Now I know how Schliemann must have felt when he discovered the ruins of Troy, or Sutter when he came up with gold in the Sacramento hills, I thought. The cloud that had hung over me since I realized I could never satisfactorily establish Wendel’s guilt lifted; this brief document made a mockery of…all the handwriting experts whose services had been purchased by the State of New Jersey. Albert Hamilton…was no doubt a recognized handwriting expert. And in August 1933, long before anyone suspected the existence of Bruno Richard Hauptmann, this expert had examined some suspect’s handwriting and opined that that man had written the ransom letters.2

Mr. Scaduto was unsuccessful in “digging up” any information about Manning Strawl. If he had spent equal time in digging up information about Hamilton, he would have discovered some discouraging facts. For Dr. Albert Hamilton, a druggist of Auburn, New York, with a self-awarded doctor’s degree, was a charlatan who advertised himself as an expert in “chemistry, microscopy, handwriting, ink analysis, typewriting, photography, fingerprints, toxicology, gun shot wounds, guns and cartridges, bullet identification, gunpowder, nitroglycerin, dynamite, high explosives, blood and other stains, causes of death, embalming and anatomy.” The county district attorney considered that any Hamilton testimony “should not be accepted in any court of record, and should receive no credence at the hands of a judge or jury.”
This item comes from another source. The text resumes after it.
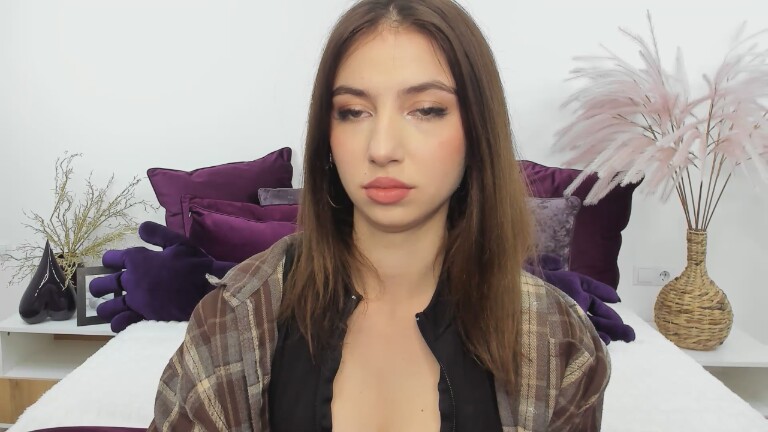 SarahTray's Streamate show and profile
Debate can be endless, and I do not propose to argue with Mr. Scaduto over incidental points. His main contention is that Hauptmann was convicted as a result of a gross frame-up by the New Jersey State Police through the manipulation or substitution of evidence. This is an assertion. Proof positive is lacking. The fact is that such a sustained fraud is almost impossible to carry through without telltale mischances. Something unexpected turns up, someone talks, carefully arranged so-called facts don’t fit. Even the GPU, with all the facilities at its disposal, was unable to stage its fake trials without ludicrous contradictions in its carefully rigged evidence—meetings of conspirators in hotels that had been demolished some years earlier, etc. When Mr. Scaduto relies on statements of a Wendel via a Bleefeld, or substantiates his thesis with a Dr. Hamilton, he is on very slippery ground indeed. One can hardly consider his conclusions “unassailable.”